→ YOUR ASSIGNMENT:
Take the material below and restate it word for word, stopping after the line in which "Eric Emanuel ¥98" occurs.

---+---

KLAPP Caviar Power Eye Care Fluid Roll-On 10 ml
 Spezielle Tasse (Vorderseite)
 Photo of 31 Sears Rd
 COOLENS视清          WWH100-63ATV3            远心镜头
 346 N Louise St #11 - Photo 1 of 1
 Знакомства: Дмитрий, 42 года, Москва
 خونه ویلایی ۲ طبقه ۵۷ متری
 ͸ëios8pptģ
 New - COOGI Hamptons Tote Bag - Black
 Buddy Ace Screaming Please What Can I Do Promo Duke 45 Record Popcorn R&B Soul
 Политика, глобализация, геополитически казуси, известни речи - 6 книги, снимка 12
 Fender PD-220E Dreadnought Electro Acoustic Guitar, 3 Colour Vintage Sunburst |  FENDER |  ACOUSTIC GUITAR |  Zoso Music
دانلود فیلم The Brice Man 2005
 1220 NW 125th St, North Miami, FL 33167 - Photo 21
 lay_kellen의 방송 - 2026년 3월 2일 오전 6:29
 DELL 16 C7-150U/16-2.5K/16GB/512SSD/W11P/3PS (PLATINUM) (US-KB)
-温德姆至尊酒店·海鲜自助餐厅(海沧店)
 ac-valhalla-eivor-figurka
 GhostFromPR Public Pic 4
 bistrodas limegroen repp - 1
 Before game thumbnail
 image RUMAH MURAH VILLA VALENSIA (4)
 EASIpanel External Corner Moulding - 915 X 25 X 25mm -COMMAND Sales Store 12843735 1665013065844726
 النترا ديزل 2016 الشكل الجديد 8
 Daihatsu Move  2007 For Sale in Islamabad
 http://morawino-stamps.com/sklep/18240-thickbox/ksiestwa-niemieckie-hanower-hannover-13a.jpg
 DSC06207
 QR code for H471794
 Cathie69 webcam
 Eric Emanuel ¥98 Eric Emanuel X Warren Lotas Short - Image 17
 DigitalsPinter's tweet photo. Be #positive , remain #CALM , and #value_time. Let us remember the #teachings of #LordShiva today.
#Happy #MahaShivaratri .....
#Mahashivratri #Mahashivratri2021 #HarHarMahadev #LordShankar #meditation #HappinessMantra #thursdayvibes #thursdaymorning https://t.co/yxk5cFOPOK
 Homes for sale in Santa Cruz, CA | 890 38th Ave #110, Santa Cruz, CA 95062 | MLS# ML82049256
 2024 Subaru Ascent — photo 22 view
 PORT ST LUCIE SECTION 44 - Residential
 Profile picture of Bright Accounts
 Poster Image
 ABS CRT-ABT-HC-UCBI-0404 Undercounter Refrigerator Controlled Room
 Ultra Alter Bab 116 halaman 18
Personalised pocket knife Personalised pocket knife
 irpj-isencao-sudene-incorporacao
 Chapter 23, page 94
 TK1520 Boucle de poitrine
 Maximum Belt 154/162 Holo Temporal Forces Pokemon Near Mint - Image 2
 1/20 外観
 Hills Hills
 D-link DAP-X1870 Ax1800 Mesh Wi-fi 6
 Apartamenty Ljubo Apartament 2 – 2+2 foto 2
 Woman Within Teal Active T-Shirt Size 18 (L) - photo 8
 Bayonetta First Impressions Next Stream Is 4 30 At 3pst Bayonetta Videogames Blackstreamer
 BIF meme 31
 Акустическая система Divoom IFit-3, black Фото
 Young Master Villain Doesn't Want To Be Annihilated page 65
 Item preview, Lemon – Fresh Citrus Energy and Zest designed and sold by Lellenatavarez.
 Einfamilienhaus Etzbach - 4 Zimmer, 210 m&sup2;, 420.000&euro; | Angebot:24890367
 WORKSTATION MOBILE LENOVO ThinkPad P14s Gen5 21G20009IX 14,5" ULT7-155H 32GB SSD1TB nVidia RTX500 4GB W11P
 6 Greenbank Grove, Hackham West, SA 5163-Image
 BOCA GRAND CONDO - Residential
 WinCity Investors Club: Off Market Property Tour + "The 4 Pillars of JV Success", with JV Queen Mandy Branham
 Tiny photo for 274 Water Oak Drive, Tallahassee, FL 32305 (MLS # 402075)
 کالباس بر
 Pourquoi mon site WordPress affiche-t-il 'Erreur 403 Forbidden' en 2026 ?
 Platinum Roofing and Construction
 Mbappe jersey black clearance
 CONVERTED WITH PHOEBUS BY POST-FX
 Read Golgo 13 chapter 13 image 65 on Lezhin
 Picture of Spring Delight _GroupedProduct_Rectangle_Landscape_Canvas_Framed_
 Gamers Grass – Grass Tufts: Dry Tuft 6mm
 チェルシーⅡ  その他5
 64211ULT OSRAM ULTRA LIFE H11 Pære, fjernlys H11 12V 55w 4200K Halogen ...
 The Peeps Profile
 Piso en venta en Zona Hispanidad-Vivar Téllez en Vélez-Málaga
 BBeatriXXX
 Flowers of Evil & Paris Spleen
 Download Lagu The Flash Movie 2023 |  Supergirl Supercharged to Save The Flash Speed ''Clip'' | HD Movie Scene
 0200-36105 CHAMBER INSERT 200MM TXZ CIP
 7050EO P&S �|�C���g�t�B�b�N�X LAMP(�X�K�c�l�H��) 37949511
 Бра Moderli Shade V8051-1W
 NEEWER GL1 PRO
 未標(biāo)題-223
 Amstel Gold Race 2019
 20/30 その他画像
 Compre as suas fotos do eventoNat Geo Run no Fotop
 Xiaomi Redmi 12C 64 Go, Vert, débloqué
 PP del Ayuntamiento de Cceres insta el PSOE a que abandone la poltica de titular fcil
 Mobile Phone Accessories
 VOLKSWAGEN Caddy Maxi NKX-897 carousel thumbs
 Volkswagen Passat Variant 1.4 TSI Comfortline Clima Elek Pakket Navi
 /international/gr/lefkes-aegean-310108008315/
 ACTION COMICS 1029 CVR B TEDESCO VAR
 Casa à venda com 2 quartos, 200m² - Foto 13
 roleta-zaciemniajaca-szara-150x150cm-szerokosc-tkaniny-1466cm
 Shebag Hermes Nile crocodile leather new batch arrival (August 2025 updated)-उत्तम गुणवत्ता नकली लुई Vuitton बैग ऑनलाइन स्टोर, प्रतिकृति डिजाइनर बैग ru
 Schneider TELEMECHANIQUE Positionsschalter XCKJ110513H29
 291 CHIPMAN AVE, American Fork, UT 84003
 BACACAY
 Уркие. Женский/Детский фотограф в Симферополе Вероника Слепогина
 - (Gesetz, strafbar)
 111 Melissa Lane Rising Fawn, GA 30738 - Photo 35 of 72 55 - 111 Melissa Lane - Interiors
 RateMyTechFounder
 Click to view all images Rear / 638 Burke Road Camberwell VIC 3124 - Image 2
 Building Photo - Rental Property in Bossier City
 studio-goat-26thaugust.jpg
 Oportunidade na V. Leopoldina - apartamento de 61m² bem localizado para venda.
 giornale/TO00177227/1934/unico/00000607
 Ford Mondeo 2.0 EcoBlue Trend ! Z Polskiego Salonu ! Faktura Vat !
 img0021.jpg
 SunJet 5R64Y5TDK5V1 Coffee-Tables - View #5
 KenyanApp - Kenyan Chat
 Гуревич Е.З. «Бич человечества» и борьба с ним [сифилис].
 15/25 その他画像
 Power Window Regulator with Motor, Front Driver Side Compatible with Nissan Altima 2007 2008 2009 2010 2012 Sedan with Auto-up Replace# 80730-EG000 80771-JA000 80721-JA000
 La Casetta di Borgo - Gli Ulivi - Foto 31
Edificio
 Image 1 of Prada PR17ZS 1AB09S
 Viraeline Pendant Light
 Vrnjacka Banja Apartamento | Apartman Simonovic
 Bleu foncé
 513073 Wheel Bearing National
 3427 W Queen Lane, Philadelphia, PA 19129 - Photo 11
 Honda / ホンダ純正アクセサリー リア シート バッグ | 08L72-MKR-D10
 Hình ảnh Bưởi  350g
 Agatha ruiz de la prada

---+---

→ REPLY:
KLAPP Caviar Power Eye Care Fluid Roll-On 10 ml
 Spezielle Tasse (Vorderseite)
 Photo of 31 Sears Rd
 COOLENS视清          WWH100-63ATV3            远心镜头
 346 N Louise St #11 - Photo 1 of 1
 Знакомства: Дмитрий, 42 года, Москва
 خونه ویلایی ۲ طبقه ۵۷ متری
 ͸ëios8pptģ
 New - COOGI Hamptons Tote Bag - Black
 Buddy Ace Screaming Please What Can I Do Promo Duke 45 Record Popcorn R&B Soul
 Политика, глобализация, геополитически казуси, известни речи - 6 книги, снимка 12
 Fender PD-220E Dreadnought Electro Acoustic Guitar, 3 Colour Vintage Sunburst |  FENDER |  ACOUSTIC GUITAR |  Zoso Music
دانلود فیلم The Brice Man 2005
 1220 NW 125th St, North Miami, FL 33167 - Photo 21
 lay_kellen의 방송 - 2026년 3월 2일 오전 6:29
 DELL 16 C7-150U/16-2.5K/16GB/512SSD/W11P/3PS (PLATINUM) (US-KB)
-温德姆至尊酒店·海鲜自助餐厅(海沧店)
 ac-valhalla-eivor-figurka
 GhostFromPR Public Pic 4
 bistrodas limegroen repp - 1
 Before game thumbnail
 image RUMAH MURAH VILLA VALENSIA (4)
 EASIpanel External Corner Moulding - 915 X 25 X 25mm -COMMAND Sales Store 12843735 1665013065844726
 النترا ديزل 2016 الشكل الجديد 8
 Daihatsu Move  2007 For Sale in Islamabad
 http://morawino-stamps.com/sklep/18240-thickbox/ksiestwa-niemieckie-hanower-hannover-13a.jpg
 DSC06207
 QR code for H471794
 Cathie69 webcam
 Eric Emanuel ¥98 Eric Emanuel X Warren Lotas Short - Image 17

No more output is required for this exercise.